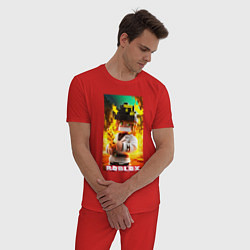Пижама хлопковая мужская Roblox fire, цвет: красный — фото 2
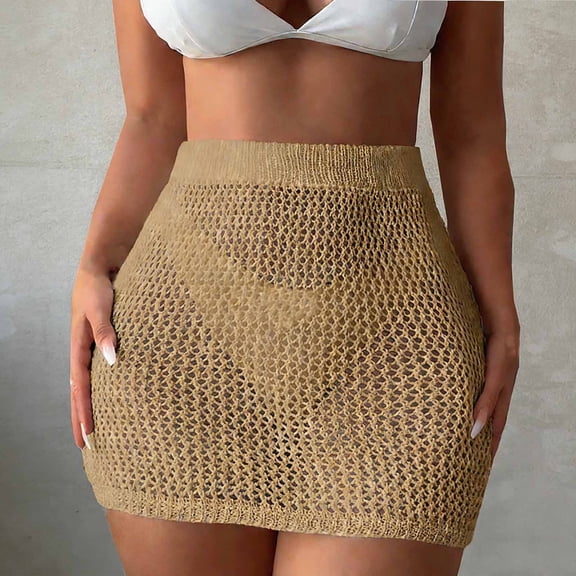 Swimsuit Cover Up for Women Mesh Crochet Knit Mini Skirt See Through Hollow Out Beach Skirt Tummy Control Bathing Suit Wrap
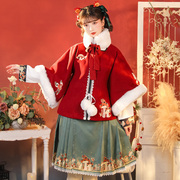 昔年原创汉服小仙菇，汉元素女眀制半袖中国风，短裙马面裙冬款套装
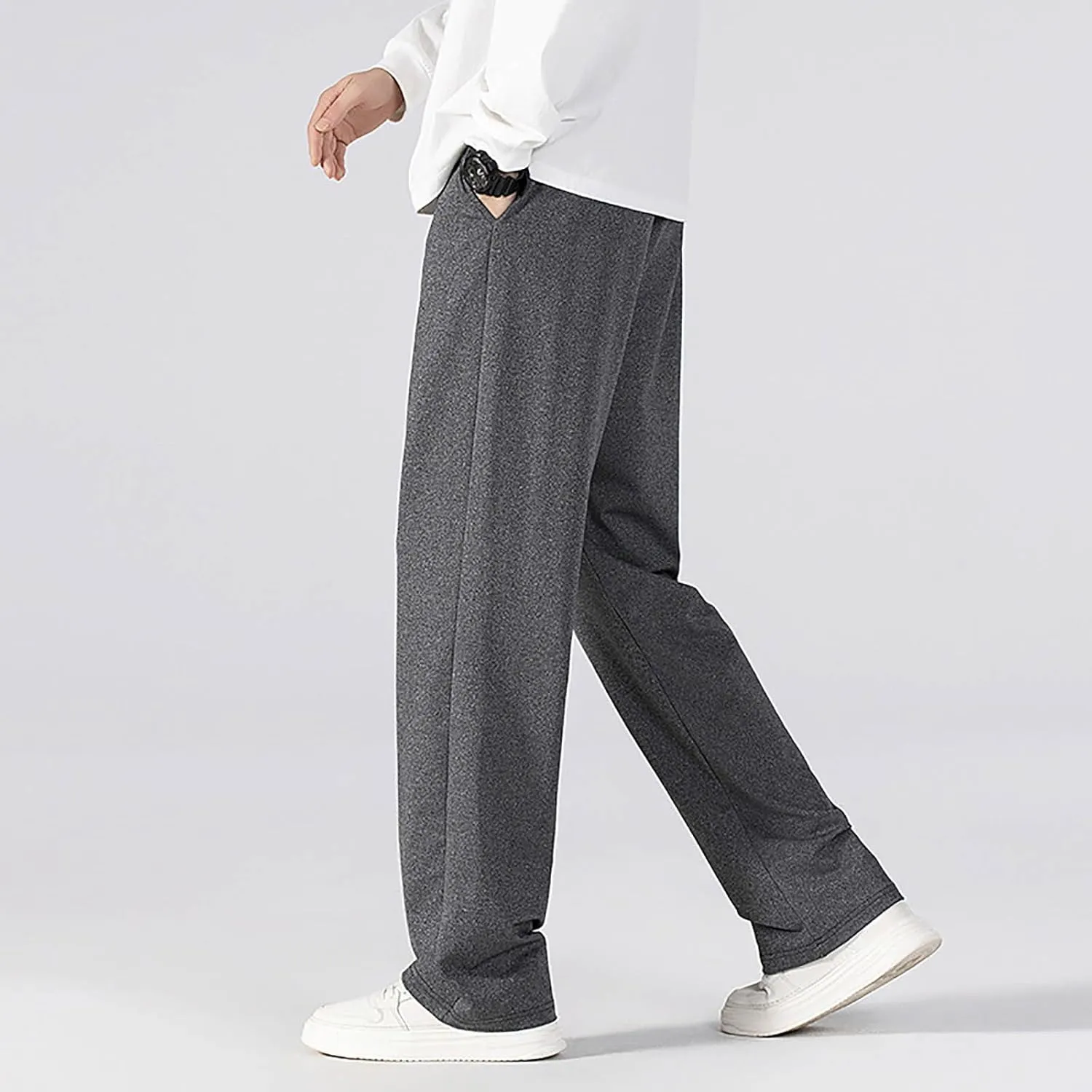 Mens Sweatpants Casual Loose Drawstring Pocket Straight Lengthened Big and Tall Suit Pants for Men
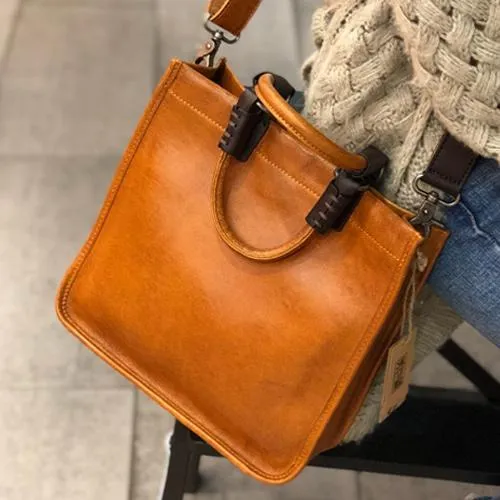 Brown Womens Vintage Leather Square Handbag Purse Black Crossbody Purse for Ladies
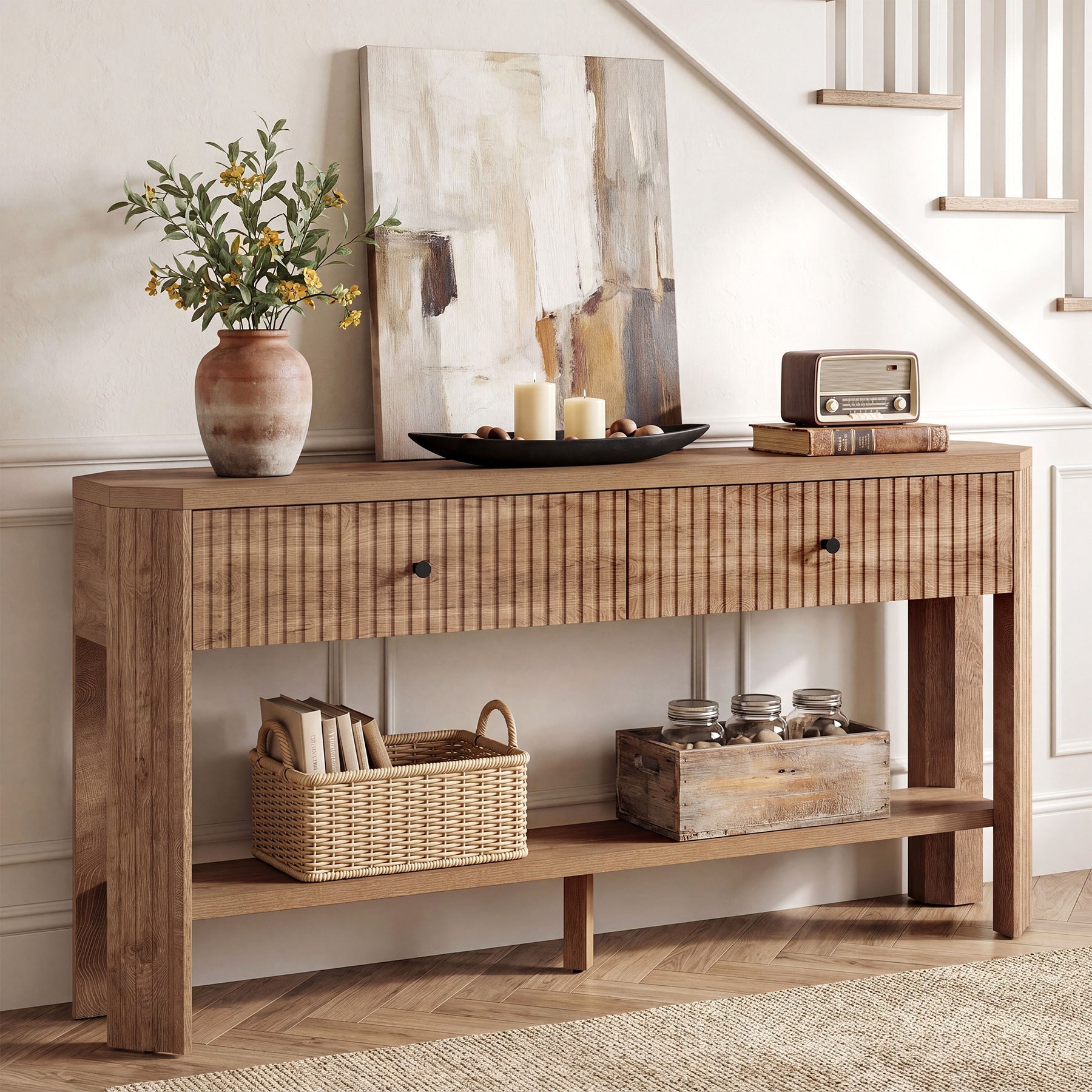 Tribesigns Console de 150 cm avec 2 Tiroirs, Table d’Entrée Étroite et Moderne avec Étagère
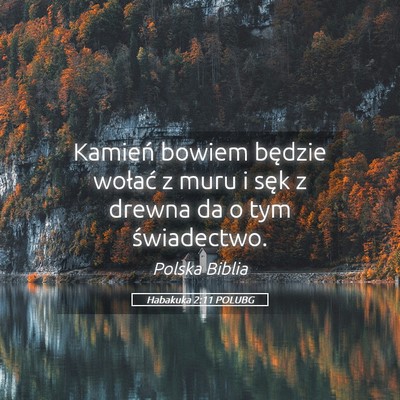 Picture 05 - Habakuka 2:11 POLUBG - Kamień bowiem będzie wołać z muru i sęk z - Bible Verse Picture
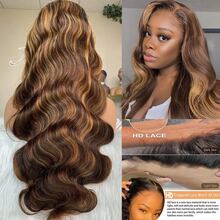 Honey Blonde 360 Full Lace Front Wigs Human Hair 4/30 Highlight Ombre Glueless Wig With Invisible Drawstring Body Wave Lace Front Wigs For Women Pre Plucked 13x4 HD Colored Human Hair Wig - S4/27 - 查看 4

........

- **ASSIGNMENT**
What you give back should be the full material above, retyped exactly, with every image removed.

- **TASK ANSWER**
Пижама хлопковая мужская Roblox fire, цвет: красный — фото 2
 Swimsuit Cover Up for Women Mesh Crochet Knit Mini Skirt See Through Hollow Out Beach Skirt Tummy Control Bathing Suit Wrap
 昔年原创汉服小仙菇，汉元素女眀制半袖中国风，短裙马面裙冬款套装
 Mens Sweatpants Casual Loose Drawstring Pocket Straight Lengthened Big and Tall Suit Pants for Men
 Brown Womens Vintage Leather Square Handbag Purse Black Crossbody Purse for Ladies
 Tribesigns Console de 150 cm avec 2 Tiroirs, Table d’Entrée Étroite et Moderne avec Étagère
 Picture 05 - Habakuka 2:11 POLUBG - Kamień bowiem będzie wołać z muru i sęk z - Bible Verse Picture
 Honey Blonde 360 Full Lace Front Wigs Human Hair 4/30 Highlight Ombre Glueless Wig With Invisible Drawstring Body Wave Lace Front Wigs For Women Pre Plucked 13x4 HD Colored Human Hair Wig - S4/27 - 查看 4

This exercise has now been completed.